Peu d’hommes dans ce groupe : Monsieur Debroy est décédé en 1930  et le mari de Paulette est prisonnier en Allemagne. Gaston Fournier, de vingt ans plus âgé que sa femme, n’a pas été mobilisé.

Le 19 mai, le groupe des 18 part dans la plus grande précipitation après avoir entassé dans une petite charrette à cheval à deux roues quelques choses essentielles ou présumées telles. Il y a des spectatrices  à ce départ : 7 religieuses alignées debout, en noir avec leurs cornettes blanches, sur le mur de la ferme Frion tenues en respect par le fusil de Marcel Marelle. Pourtant les religieuses de Bacouel sont déjà parties en camion, et leur tenue est noire et grise. Que font ces religieuses noir et blanc à la place de nos religieuses noir et gris ? Un bruit à couru qu’il s’agissait là d’espions déguisés, mais que restait-il de si stratégique pour mobiliser sept espions dans un village en train de se vider de toute présence humaine ?

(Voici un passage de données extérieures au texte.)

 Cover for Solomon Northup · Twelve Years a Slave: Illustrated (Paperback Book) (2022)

Comme il n’y a plus de chevaux, hommes et femmes se relaient dans les brancards ou poussent à l’arrière. La mère d’Yvonne a pris une brouette qu’elle abandonnera le lendemain : ce sera la seule chose qu’elle retrouvera au retour… Yvonne a pris sa bicyclette qu’elle pousse plus souvent à côté d’elle qu’elle ne la monte. Quand elle a pris un peu trop d’avance, elle la laisse sur le côté de la route pour revenir tirer la poussette du tout jeune Martial. On aura les plus grandes difficultés à trouver du lait pour le bébé.

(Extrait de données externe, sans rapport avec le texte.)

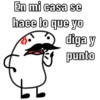En mi casa se
hace lo que yo
24.1
diga y
punto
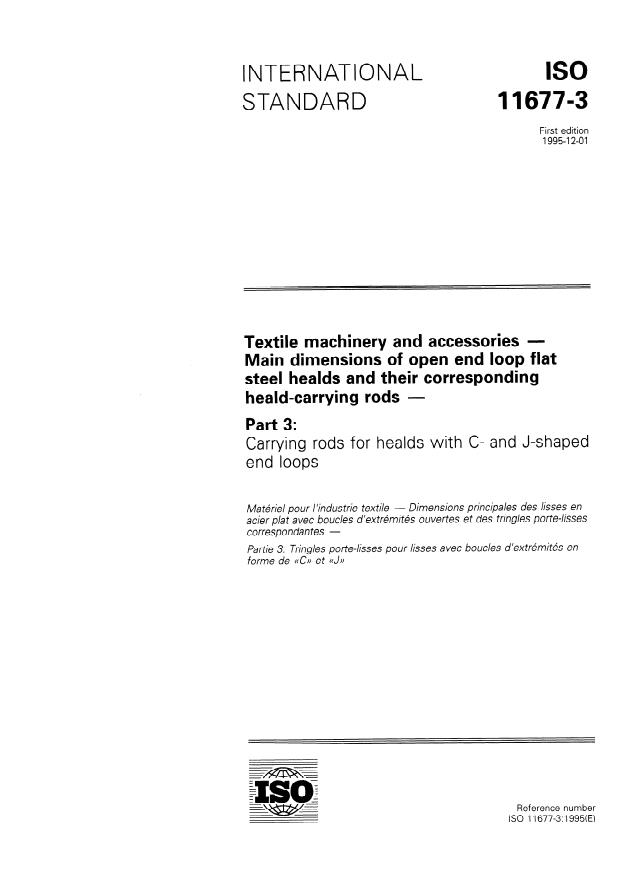 ISO 11677-3:1995 - Textile machinery and accessories -- Main dimensions of open end loop flat steel healds and their corresponding heald-carrying rods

Sur les routes de l’Exode on ne peut même pas tirer sa charrette tranquille : à peine arrivé à la gare de Bacouel, le convoi se trouve sous le feu du mitraillage d’un avion allemand : on bondit se réfugier dans un silo de betteraves proche du réservoir. Quand l’alerte est passée, tout le monde sort indemne mais dans un bel état : la terre et de la paille qui protègent le haut du tas de betteraves ont irrémédiablement  salopé tous les habits et on ne sait pas quand on pourra les laver.

Réservoire

Première étape à Taisnil où on couche dans une cave. Il y a là des soldats français blessés qui reviennent de combats sur la route du haut de Bacouel. Il paraît que des civils ont été tués et qu’un soldat a eu la tête arrachée par un obus : pas de doute, il fallait partir.

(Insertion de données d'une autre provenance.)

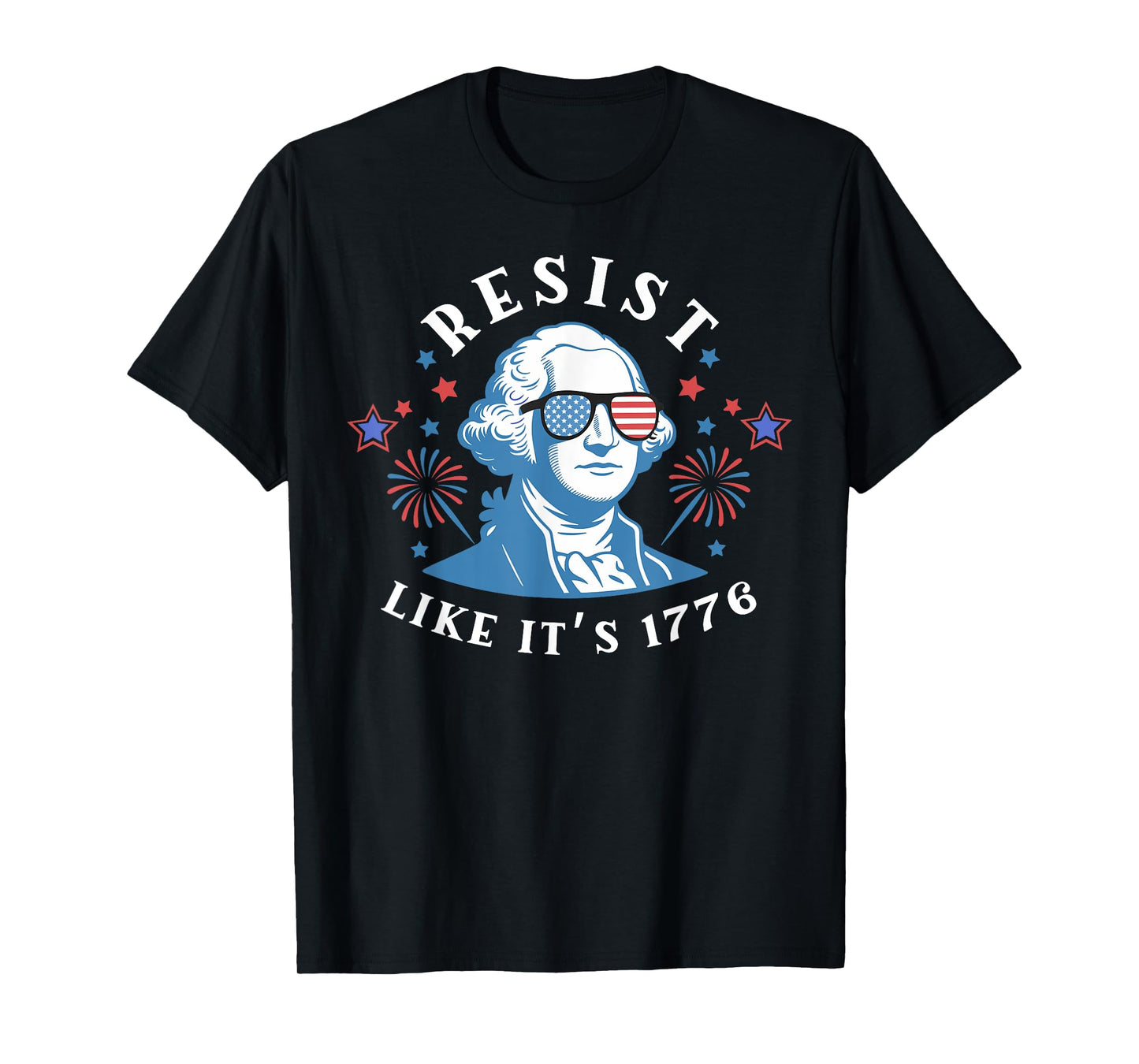 Resist Like It's 1776 No Kings George Washington 4th of July T-Shirt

Seconde étape et nouvelle alerte entre Taisnil et Frémontiers: des avions allemands lâchent des bombes que l’on voit distinctement tomber  sur un bois où sont des soldats français. On arrive quand même au château déserté de Frémontiers. En partant les châtelains ont laissé un écriteau : Si vous voulez qu’on respecte votre maison, respectez celle des autres. Peine perdue : le château est dans un désordre indescriptible et le pillage  va bon train.

Troisième étape Grandvilliers : on dort dans une grange : d’un côté les civils, de l’autre des militaires. On y fait la connaissance d’un autre groupe venu de Prouzel. Des soldats qui montent au front donneront un poulet que l’on se partagera à 18. Yvonne part en vélo pour aller faire la queue dans une boulangerie. Le pain qu’elle ramène aurait pu tuer un homme tellement il est dur ; ce n’est pas qu’il ait eu le temps de rassir, mais le boulanger a dû le cuire sans levure… Georges Fournier, de son côté, a pu hériter dans une charcuterie  d’un quart de saindoux qu’il met dans sa poche dans un bout de mauvais papier sulfurisé ; alors qu’il fait la queue dans un autre magasin, son attention est attirée par des gouttes qui tombent à ses pieds ; le saindoux a fondu le long de sa jambe !

A minuit tout le monde est réveillé : ordre de quitter la zone des combats en train a été donné par on ne sait quelle autorité. Au moment du départ, une des femmes du groupe  cherche avec obstination son chapeau égaré dans la paille: « Min capiau, où qu’il est min capiau ? ». Son mari s’énerve : « Tu nous emm… avec tin capiau ! ». Grand éclat de rire général : dans ce contexte d’apocalypse, la vie a repris un court instant un peu de couleur. Mais, peu après, on ne rira plus du tout quand on s’apercevra que le mari, déconcentré, en a laissé derrière lui l’unique moulin à café du groupe.

Le train qui emporte tout ce petit monde finira sa course à Belle Isle en Mer –déjà une belle petite station balnéaire- mais pour un séjour qui n’aura rien de touristique.